La batalla contra la secularización de estas fiestas —tan celebradas por los creyentes como por ateos, agnósticos o indiferentes— está perdida. Hace décadas que el “felices fiestas” desplazó al “feliz Navidad” en Estados Unidos para integrar la diversidad de credos, porque los judíos celebran a la vez Janucá. Como además muchas iglesias protestantes evitan las figuras sagradas, no se ve tanto allí el católico belén. Su poderosa industria cultural exportó la idea de una Navidad entrañable y familiar pero laica, o quizás transconfesional, incluso a países sin mucha tradición cristiana como India o Japón.

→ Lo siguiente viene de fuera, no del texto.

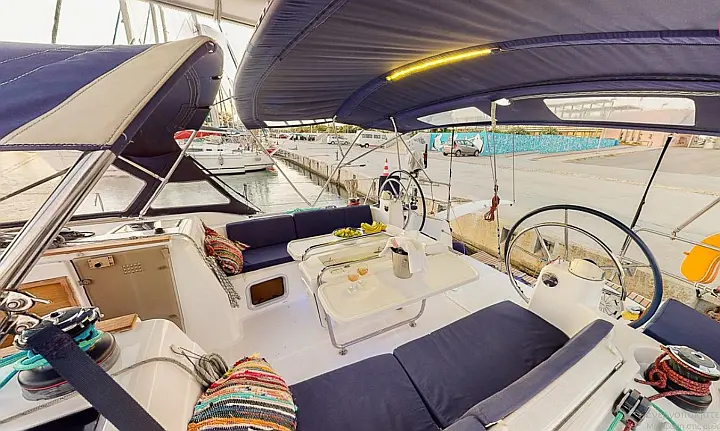 Jeanneau 469 - 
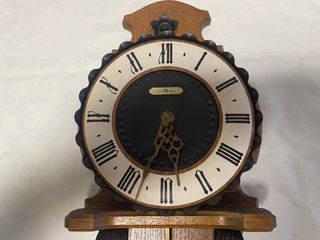 Reloj de pared antiguo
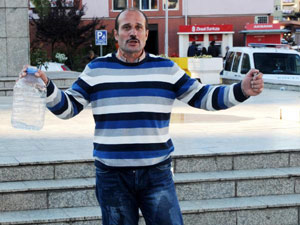 Rize'de su ile kendini yakmaya çalıştı!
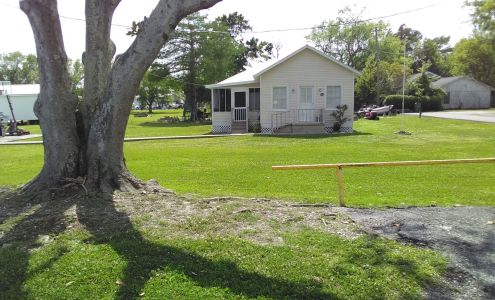Boudreaux's Landing Motel & Cabins Golden Meadow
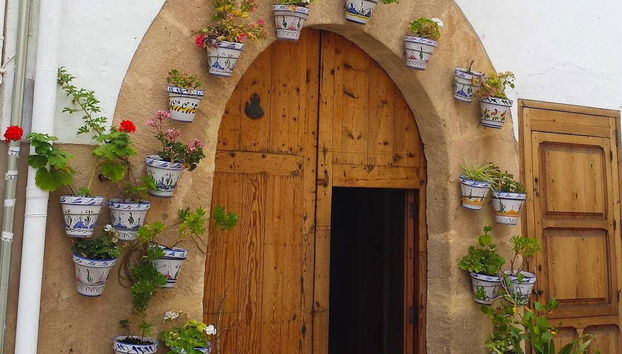 Casa rodeada de flores em Jávea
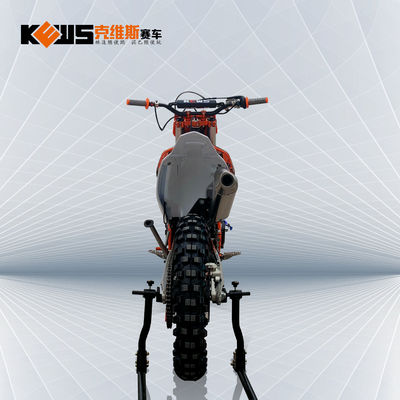 Bici rossa di motocross del motore raffreddato ad acqua CBS300 con Efi And Carburetor Two Versions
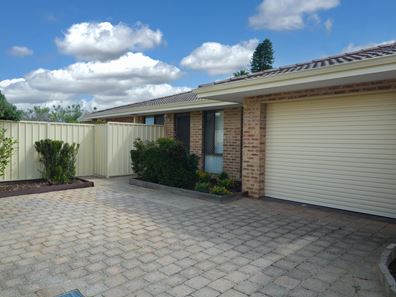 6/12 Brian Avenue, Yokine WA 6060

Desde el principio la Navidad tuvo rastro del paganismo. La Iglesia romana puso fecha al nacimiento de Cristo para ocupar el espacio de las saturnales, tiempo de comilonas y regalos. Las celebraciones del solsticio de invierno, que coincide con el final de la cosecha, son muchísimo más antiguas: las piedras de Stonehenge están orientadas para brillar con la luz del último atardecer antes de que el sol empiece a vencer a la oscuridad. La simbología que asociamos al espíritu navideño incluye el abeto, que era un árbol místico para celtas y nórdicos; un montón de referencias a los cuentos escritos por Charles Dickens para humanizar el cruel periodo de la revolución industrial, y hasta un invento de Coca-Cola, ese Santa Claus vestido de rojo.

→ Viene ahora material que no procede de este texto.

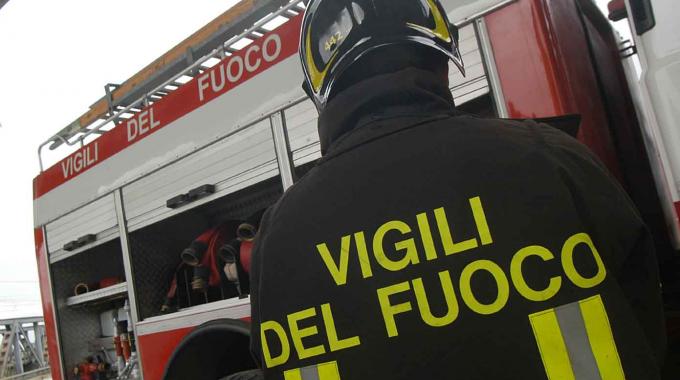 MENTRE CUCINA PRENDE FUOCO L'ABBIGLIAMENTO CHE INDOSSA: MUORE AVVOLTA DALLE FIAMME UN'ANZIANA A CORDENONS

Hay muchas formas de vivir la Navidad con o sin fe. Pero sí hay algo que lamentar de la secularización: la incultura religiosa en las nuevas generaciones. Hoy muchos jóvenes saben muy poco de Jesús y casi nada de Abraham o Moisés, no digamos de Mahoma, Buda o Confucio. Y no se entiende sin esas figuras nuestro mundo, su arte, su historia, sus tradiciones. La ley Celaá plantea que la cultura de las religiones pueda ser una asignatura en Primaria y Secundaria, pero lo deja a un desarrollo posterior; es una pena, porque muchas comunidades evitarán meterse en ese lío. Enseñar religiones de forma no confesional irrita a los que la quieren siempre confesional.
Eduardo Mendoza ha escrito un interesante ensayo, Las barbas del profeta (Seix Barral), en que muestra su nostalgia por la historia sagrada, que era la versión de la Biblia que se enseñaba a los escolares españoles de su generación. “La primera fuente de verdadera literatura a la que me vi expuesto”, dice, “una historia sin sentido, pero con voluntad de abarcarlo todo”. Y explica: “Los mitos tienen por objeto explicar lo desconocido y lo inconmensurable y la Biblia es el compendio de mitos fundacionales más grande que existe”. No hace falta decir que Mendoza aborda esos relatos desde el escepticismo, cuando no desde el sarcasmo. Pero tiene razón al lamentar que pueda caer en el olvido la enorme huella del hecho religioso en la humanidad.